In other words the greatest gains are to be made by improving how we do things, not how fast we do them. Everyone wants speed, that’s why so many Big Data frameworks exist. Indeed the Seq developer’s intention of having a language that is Pythonic in user friendliness, and speed approaching C, is also one of the main reasons Julia exists today. After Julia 1.0 was released, as a core developer of BioJulia, I considered the argument as to whether or not Julia is performant to be settled. It is.
Now the question of whether Julia is fast enough for bioinformatics is settled. I think the current goal of BioJulia is to provide clear, flexible, easy to use frameworks for doing bioinformatics analyses in a robust/reproducible, transparent manner, using clear concepts.
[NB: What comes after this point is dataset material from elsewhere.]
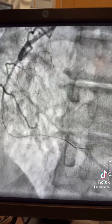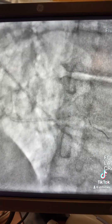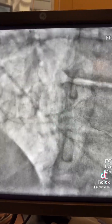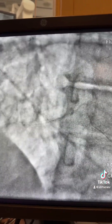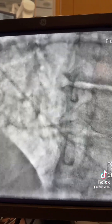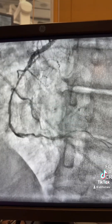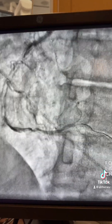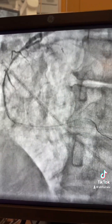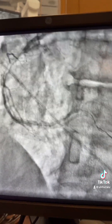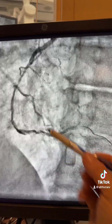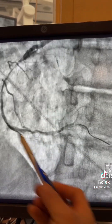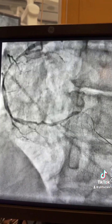We redirect the wire toward the PL and balloon the PL, so now we are ballooning the PL toward the RCA. Now you can see the true lumen. We can now stent this segment toward the RCA and cover the whole RCA.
After this review I think I would echo the same same conclusions as Jakob: In brief, the results in the paper can be explained largely due to our design choices in BioSequences.jl, which we maintain were the right calls. The exercise has been valuable, as it has resulted in several pull requests that improve on the performance of the string conversions and sequence encoding BioSequences.jl does; whilst we think the computational effort is justified, we also want it to be faster if it can be. Without Seq’s benchmarks to prompt us to examine this more closely, those those improvements might not have been made for a long time, if at all.
We ran the code in the Vagrant virtual machine provided by the authors. In the virtual machine, all software needed to reproduce the benchmarks was there, except the Seq author’s BioJulia code, which was provided upon request. The code was run on a 2018 MacBook pro using Julia v 1.0.3 and BioSequences v1.1.0. We could not determine the version of Seq used in the VM.
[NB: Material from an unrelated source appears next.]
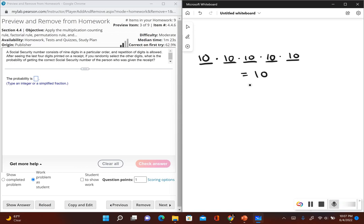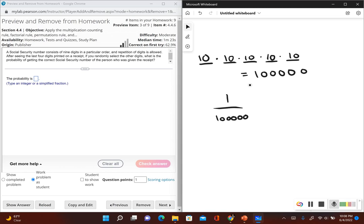If we multiply those out together, we get one hundred thousand. So this is the total number of arrangements we could have for the first five digits. The probability of getting the correct one — only one of those hundred thousand arrangements would be correct — so our probability of getting it correct would be one out of a hundred thousand.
Due to a small virtual disk size in the VM, the whole dataset could not be downloaded, so we generated input data instead by taking the provided small test dataset HG00123_small.txt, and concatenating it to itself 16 times for a total of 2^24 lines, 1.3 GiB. To benchmark, we ran each script 5 times consecutively. For Seq, we used the idiomatic Seq code "seq-id", and did not include compilation time. For Julia, we included JIT compilation (which we estimated to be ~2 seconds for BioJulia benchmarks, and somewhat less for SeqJL benchmarks), but not package precompilation time. Note that unlike the Seq authors, we ran Julia with default optimization level and boundschecks enabled, as these are the most common settings to run Julia in.